__The problem__: Copy the records below exactly, starting at the line that contains "Lake Hopatcong NJ" and ending at the line that contains "Download Gradient Letter"; leave out any pictures.

__Exercise material__:

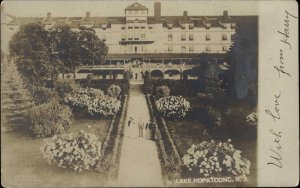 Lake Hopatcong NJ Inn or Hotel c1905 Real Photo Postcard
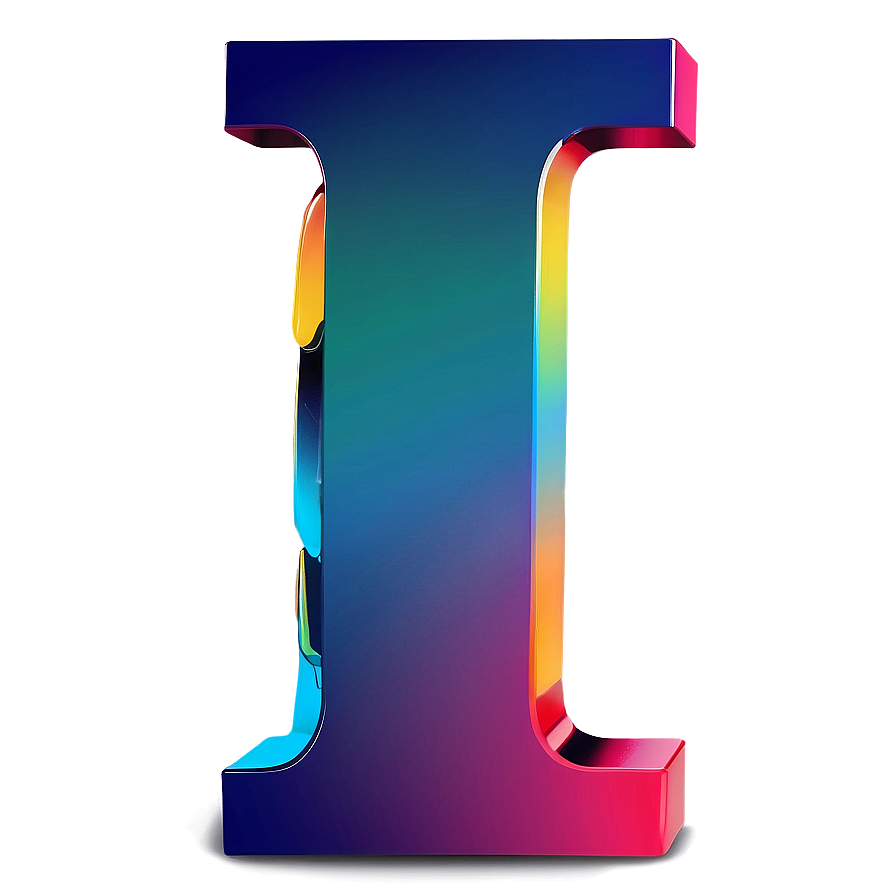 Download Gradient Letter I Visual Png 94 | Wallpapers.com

---

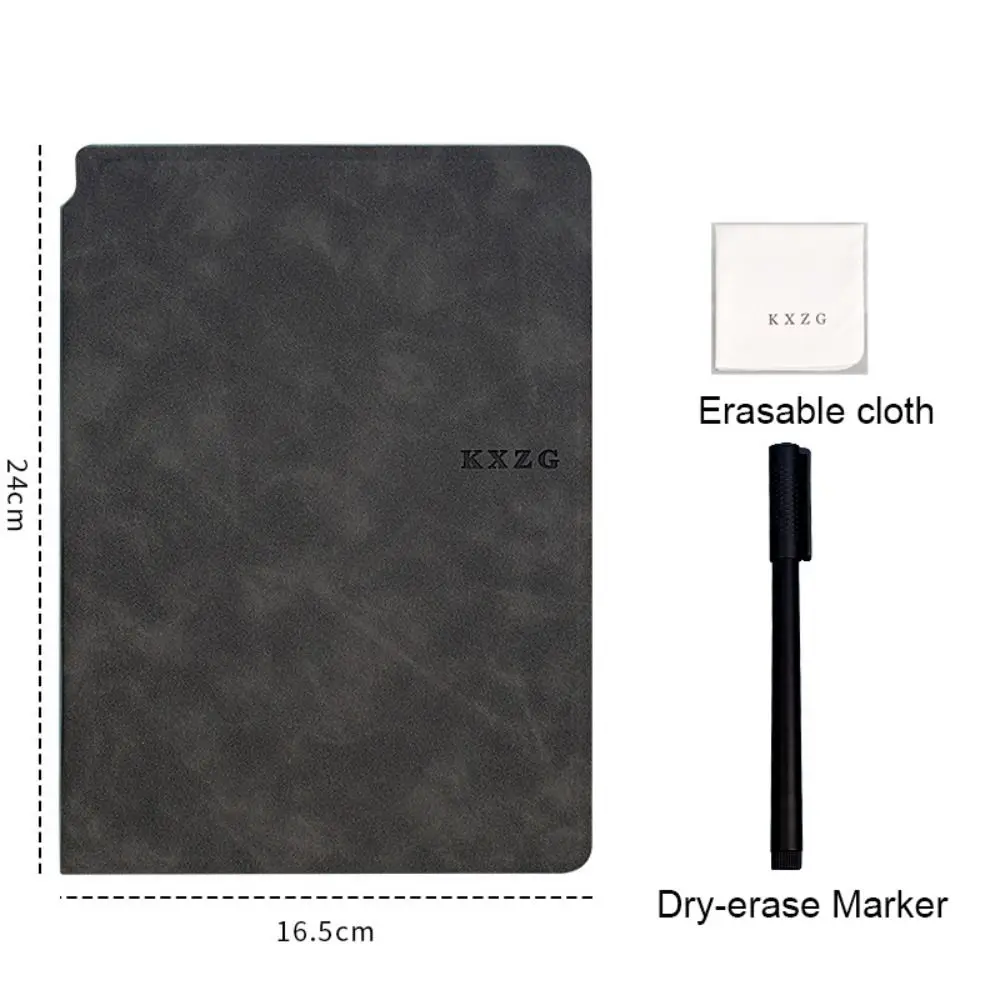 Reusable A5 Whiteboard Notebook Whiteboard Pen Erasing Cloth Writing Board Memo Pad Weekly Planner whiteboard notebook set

__Exercise answer__:
 Lake Hopatcong NJ Inn or Hotel c1905 Real Photo Postcard
 Download Gradient Letter I Visual Png 94 | Wallpapers.com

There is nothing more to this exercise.